Twenty years after going into witness protection, a woman's violent past comes back to haunt her.
Freedom Oliver tends bar at the Whammy in the remote Oregon coast town of Painter, and most nights she's behind the bar, getting blackout drunk. The local cops, particularly Officer James Mattley, know the best thing to do is take her home, not toss her in a jail cell. Mattley is familiar with the stories Freedom tells when she's drunk—and denies when she's sober—especially about her two children, Ethan and Layla, and her desperate fear of being raped. It turns out that Freedom's stories are true—though, in what turns out to be a frustrating habit of Miller's, we're given that information twice.
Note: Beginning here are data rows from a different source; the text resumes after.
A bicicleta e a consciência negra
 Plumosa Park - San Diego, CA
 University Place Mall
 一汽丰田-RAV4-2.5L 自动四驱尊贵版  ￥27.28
She's really Nessa Delaney from Long Island, accused of killing her abusive husband, Mark, an NYPD officer; she made a sort-of deal with the devil that led to her two young children being given away for adoption—she signed away her parental rights—and her entering the witness protection program. Part of the arrangement meant that Mark's brother, Matthew—despite their biblical names, the entire Delaney family is rotten to the core—went down for Nessa's crime. Now he's out and wants revenge. Freedom is determined to find and protect her children—now known as Mason and Rebekah and living in their own version of hell—no matter the cost. Miller creates an intriguingly flawed heroine in Freedom, but there's simply too much background noise—case in point: Mason and Rebekah are tied to a Kentucky doomsday religious cult—to let the character resonate properly.
A thrilling if excessively plotted debut.